Location: The national park can be found in the Nho Quan District in the Ninh Bình province of Vietnam. It is situated in the foothills of the northern Annamite Mountains, lying just over a 100 kilometres from Hanoi.
Entrance fee: VND 60,000 per person
8. Yok Don National Park
The Yok Don National Park is considered to be Vietnam's largest national park and boasts the famous Srepok river, and stunning scenery, landscapes and waterfalls. The national park, established in 1991, also contains four villages, where the M?nong, Ede and Lao people reside. Relatively less crowded than most national parks, the Yok Don National Park is perfect for people who wish to stroll through an offbeat path and experience the authentic culture of the place.

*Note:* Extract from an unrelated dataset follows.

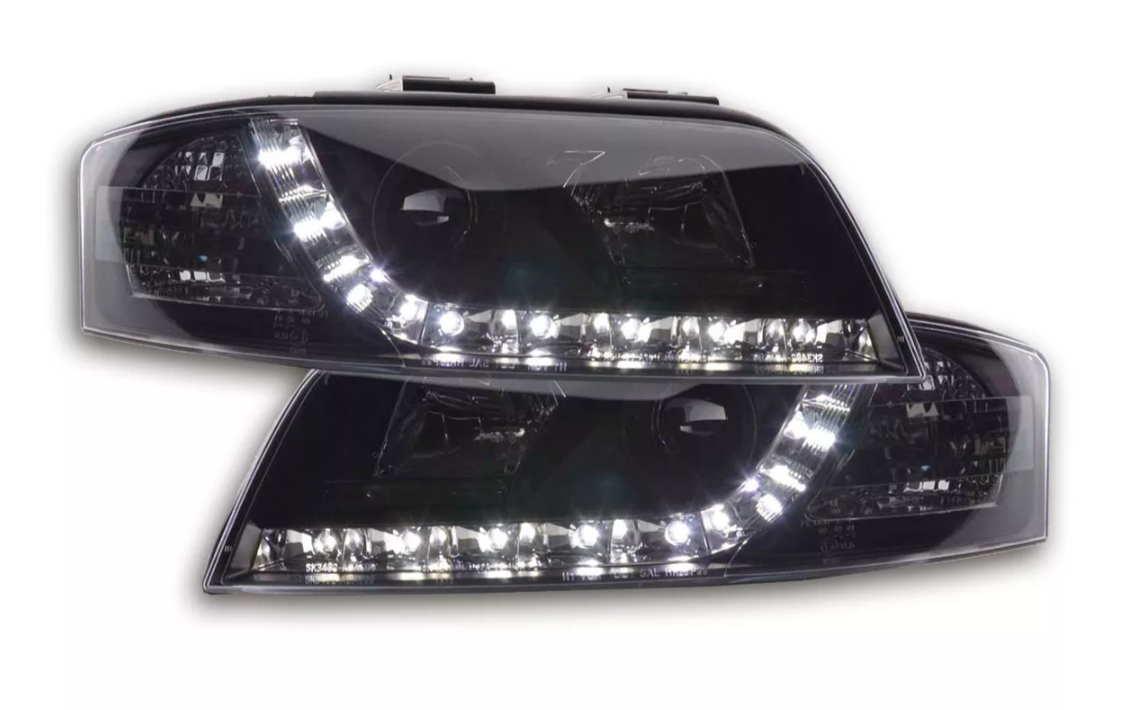 FK LED Headlights LED DRL Lightbar A6 C5 4B 01-04 black S6 S-Line LHD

Its dry deciduous forests are home to over 800 species of trees, more than 450 species of birds, as well as about 80 species of mammals including wild elephants, bears, red wolves, monkeys and the endangered Indochinese tiger. A number of the mammals belong to the Red List, and many species have even been wiped out due to deforestation and poaching. The -park is especially famous among tourists for its elephant-back rides, which is also a tradition among several ethnic groups of the region. Some visitors also enjoy camping, trekking and fishing here. Another exciting activity for visitors is the Buon Don local cooking class, where a local family shows you how to cook a typical Ede meal, and it can also include a visit to the local market.
By the rules of the place, it is necessary for all visitors to be accompanied by a guide in the national park.
Location: The national park is located in Krong Na commune in the Buon Don district, Dak Lak province of Vietnam, about 40 kilometres northwest of Buon Ma Thuot city.
Cost: For a small group (1-4 people), the guide costs VND 500,000 per day.
9. Pu Mat National Park
Translating to 'High Slope' in Thai, the Pu Mat National Park is part of the Western Nghe An Biosphere Reserve. The national park offers several breathtaking views that attract millions of visitors every year, including the Kem waterfall, Moc Spring, Giang River, as well as a wildlife rescue centre. The national park is home to Kinh and the Dan Lai people, and Thai ethnic groups.
Rich in biodiversity, the national park is home to over 800 species of plants, more than 200 mammal species, as well as a vast array of bird, amphibian and reptile species. These include the Ussuri Dholes, Indian elephants, saola, Annamite striped rabbit and the largest population of northern white-cheeked crested gibbons in the world.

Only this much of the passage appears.